• _TASK INPUT_:
════

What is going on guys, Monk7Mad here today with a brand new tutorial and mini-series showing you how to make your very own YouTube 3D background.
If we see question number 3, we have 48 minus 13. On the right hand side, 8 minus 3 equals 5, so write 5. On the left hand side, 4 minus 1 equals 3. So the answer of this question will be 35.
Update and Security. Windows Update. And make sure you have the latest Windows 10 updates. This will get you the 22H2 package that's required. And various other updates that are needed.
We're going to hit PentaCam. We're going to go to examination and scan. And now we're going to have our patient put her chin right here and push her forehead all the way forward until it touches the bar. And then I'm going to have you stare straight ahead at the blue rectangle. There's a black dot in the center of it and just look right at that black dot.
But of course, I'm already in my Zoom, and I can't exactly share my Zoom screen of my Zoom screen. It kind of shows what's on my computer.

════

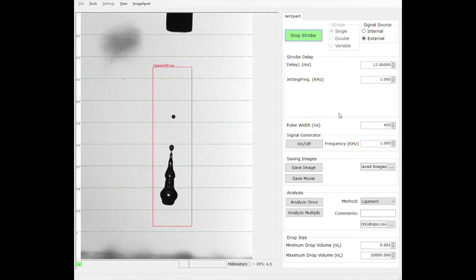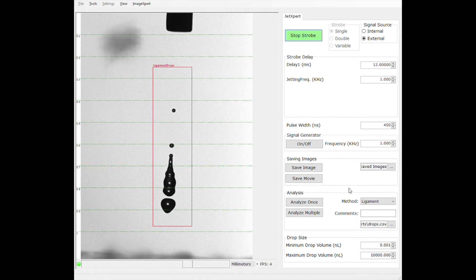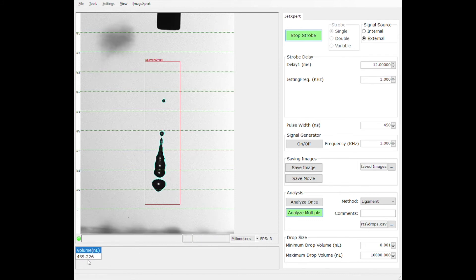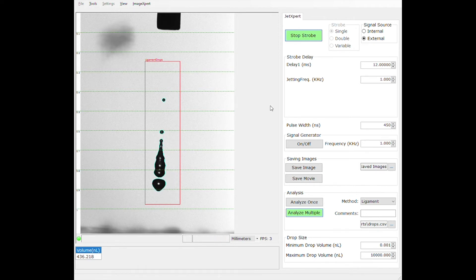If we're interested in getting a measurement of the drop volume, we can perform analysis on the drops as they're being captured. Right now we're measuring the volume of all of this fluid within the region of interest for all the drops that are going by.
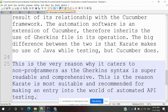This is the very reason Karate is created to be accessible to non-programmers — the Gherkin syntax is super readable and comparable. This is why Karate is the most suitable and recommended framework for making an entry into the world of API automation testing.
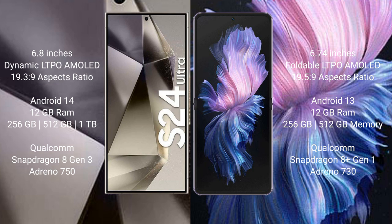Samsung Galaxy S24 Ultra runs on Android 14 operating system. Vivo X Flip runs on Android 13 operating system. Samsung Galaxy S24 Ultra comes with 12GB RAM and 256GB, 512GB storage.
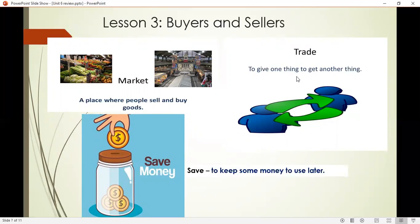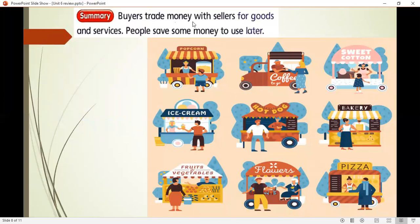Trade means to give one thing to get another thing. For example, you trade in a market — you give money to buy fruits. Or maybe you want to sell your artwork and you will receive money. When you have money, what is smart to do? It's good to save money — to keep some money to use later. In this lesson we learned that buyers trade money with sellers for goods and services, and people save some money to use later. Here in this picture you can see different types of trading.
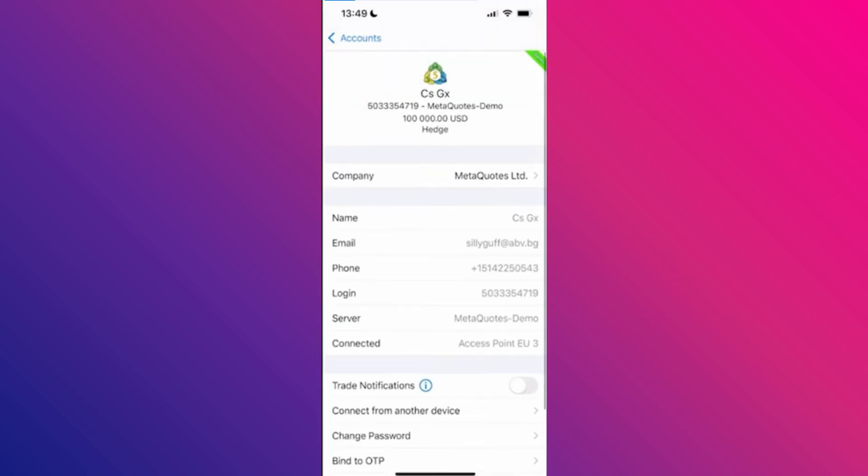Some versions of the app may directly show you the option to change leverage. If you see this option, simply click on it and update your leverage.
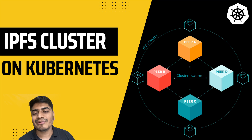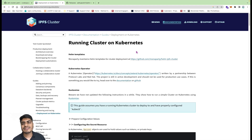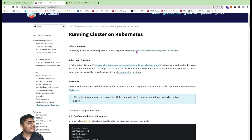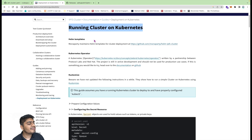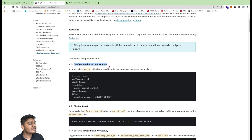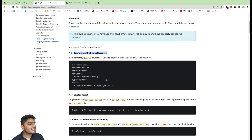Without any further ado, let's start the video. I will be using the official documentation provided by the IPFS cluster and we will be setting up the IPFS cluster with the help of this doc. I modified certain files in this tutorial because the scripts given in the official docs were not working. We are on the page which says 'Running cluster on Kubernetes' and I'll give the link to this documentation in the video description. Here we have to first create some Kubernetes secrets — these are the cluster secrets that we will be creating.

════

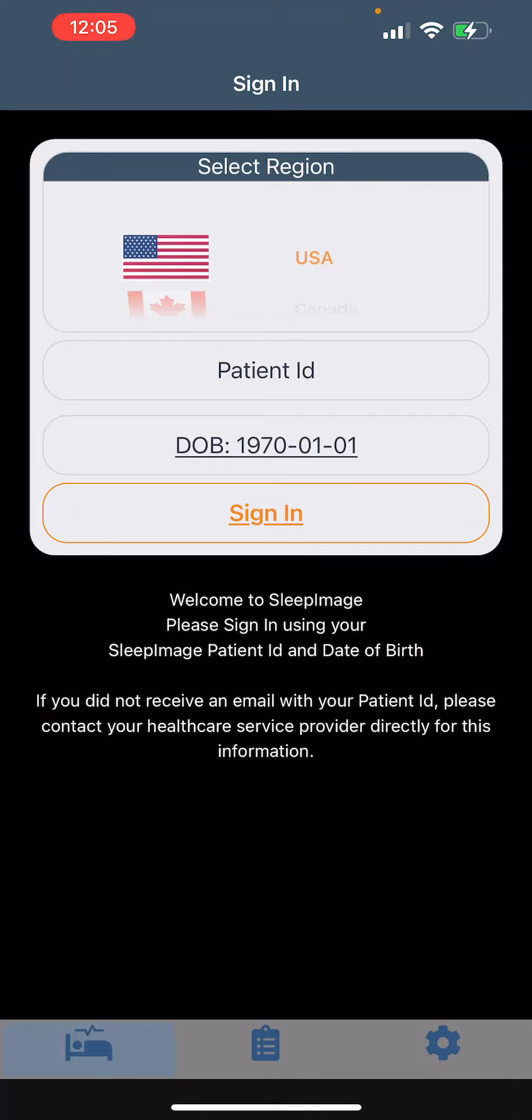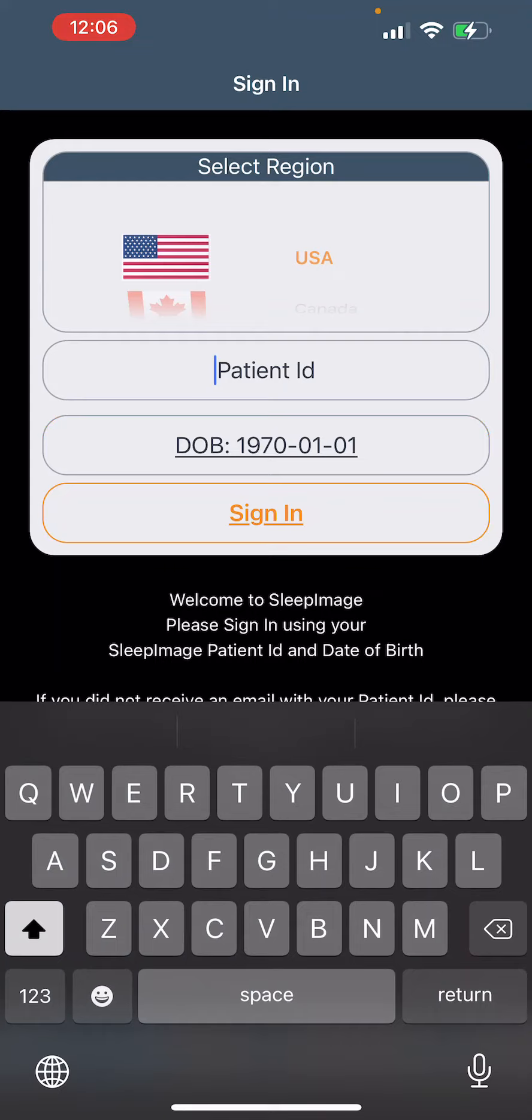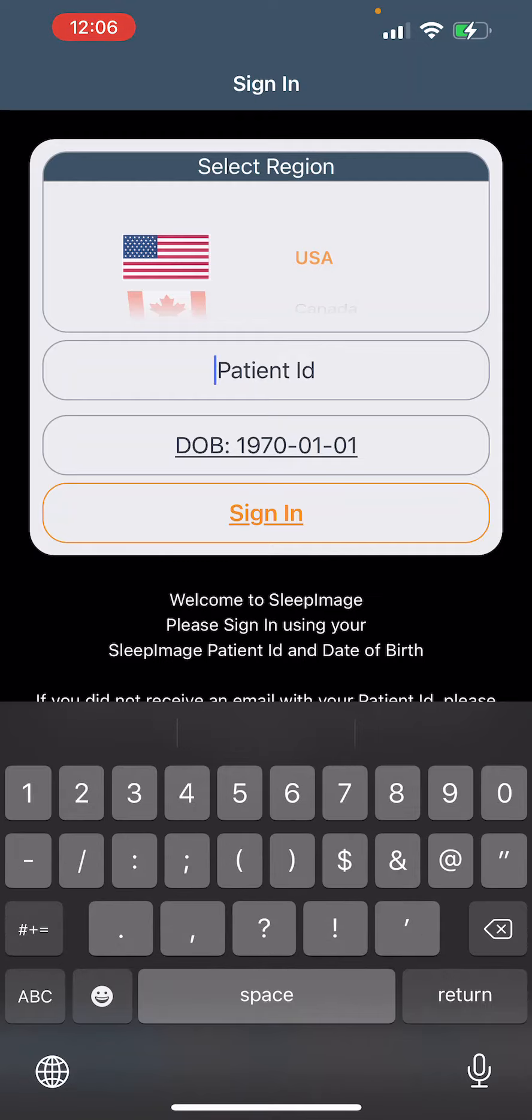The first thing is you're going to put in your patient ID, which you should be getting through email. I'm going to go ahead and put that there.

════

• _INSTRUCTIONS TO FOLLOW_: Return only the lines between the one holding "What is going" and the one holding "Update and Security.", inclusive, exactly as they appear above.

• _TASK ANSWER_:
What is going on guys, Monk7Mad here today with a brand new tutorial and mini-series showing you how to make your very own YouTube 3D background.
If we see question number 3, we have 48 minus 13. On the right hand side, 8 minus 3 equals 5, so write 5. On the left hand side, 4 minus 1 equals 3. So the answer of this question will be 35.
Update and Security. Windows Update. And make sure you have the latest Windows 10 updates. This will get you the 22H2 package that's required. And various other updates that are needed.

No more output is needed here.